Lee v. State

Annotate this Case

628 S.W.2d 70 (1982)

Mark Wayne LEE, Appellant, v. The STATE of Texas, Appellee.

No. 61311.

Court of Criminal Appeals of Texas, Panel No. 3.

February 10, 1982.

Rehearing Denied March 10, 1982.

John P. Knouse, Dallas, for appellant.

Henry Wade, Dist. Atty., Steve Wilensky, Mary Ludwick and Michael R. Gillett, Asst. Dist. Attys., Dallas, Robert Huttash, State's Atty., Austin, for the State.

Before ODOM, TOM G. DAVIS and DALLY, JJ.

OPINION

DALLY, Judge.

This is an appeal from a conviction for the offense of possession of a short barreled firearm. V.T.C.A. Penal Code, Sec. 46.06. The punishment, enhanced by two prior felony convictions, is imprisonment for life.

The appellant contends that the prosecutor committed reversible error when he made a comment on the appellant's failure to testify. Art. 38.08, V.A.C.C.P. provides that the failure of any defendant to testify shall not be taken as a circumstance against him, nor shall the same be alluded to or commented on by counsel in the cause. During the closing argument of the guilt-innocence phase of the trial, the following occurred:

"[PROSECUTOR]: What we are talking about is whether or not on June 2, 1978, at that time that he [the appellant] had this gun in his hand and just fired it. He was exercising control over it knowingly *71 at that instant. Now, that is what we are talking about. We're not talking about whether or not he was taking target practice, he was trying to kill somebody, what his motive was, or whether or not he owned it, that is not in the charge, that is not the law. Maybe you have got a car, maybe you have loaned it to a neighbor, maybe that neighbor has driven that car, no question, you own the car, is there? But there is no question that at the time that neighbor was driving or controlling or caring for that car, that he was possessing it and that he was doing it knowingly.
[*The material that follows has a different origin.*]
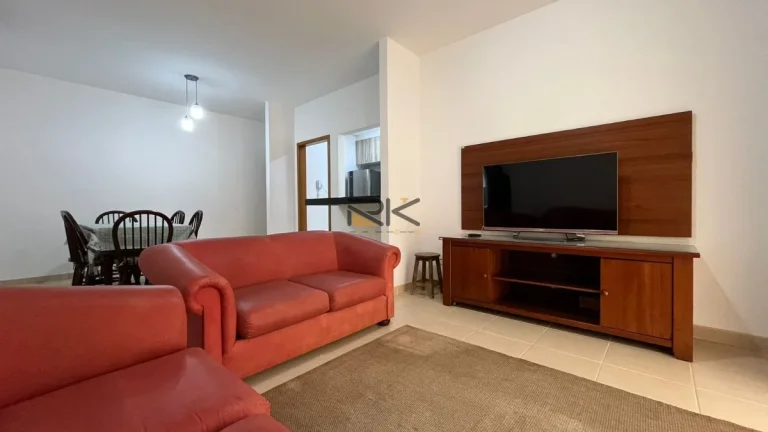 Imagem APARTAMENTO PRAIA GRANDE com 2 dormitórios sendo 1 suíte,1 vaga de garagem,varanda gourmet com churrasqueira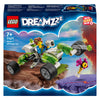 Lego LEGO DREAMZzz 71471 Mateo's Terreinwagen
Why he borrowed it, his reason for it, like what is he shooting the gun at, doesn't matter, it is not in the law. The only person that knows the motive or what he was really doing with this gun is that man. "[DEFENSE COUNSEL]: Your Honor, at this time I would object to the prosecutor's comment on the Defendant's testimony in violation of the law. "[THE COURT]: The Court overrules. "[PROSECUTOR]: What I am talking about is the reason, the motive, is known only in the mind of the Defendant. What we are talking about from the evidence, the physical facts, what is being presented to you is whether or not he knowingly possessed it."

For an indirect allusion to or comment on a defendant's failure to testify to be reversible error, the prosecutor's implication must be a necessary one as viewed by the jury. Milton v. State, 620 S.W.2d 115 (Tex.Cr.App.1980) (Opinion on Rehearing); Bird v. State, 527 S.W.2d 891 (Tex.Cr.App. 1975). In the present case the argument clearly refers to the appellant and not to some other possible witness. Compare Milton v. State, supra. The comment necessarily refers to the appellant's failure to explain why he was in possession of the firearm. Koller v. State, 518 S.W.2d 373 (Tex. Cr.App.1975). The State argues that it was not a comment on the appellant's failure to testify asserting that, "the argument properly informs the jury that motive was not an element of the offense necessary to establish Appellant's guilt." While this may have been the prosecutor's intent, he exceeded that intention when he stated, "The only person that knows the motive of what he was really doing with this gun is that man," and "the motive is known only in the mind of the defendant."

The appellant did not testify. This Court must enforce the mandate of Art. 38.08, V.A.C.C.P. We conclude that the prosecutor's argument was an improper allusion to and a comment on the appellant's failure to testify. See Bell v. State, 130 Tex.Cr.R. 57, 92 S.W.2d 450 (1936); Minton v. State, 162 Tex.Cr.R. 358, 285 S.W.2d 760 (1956); Koller v. State, supra.

The judgment is reversed and the cause remanded.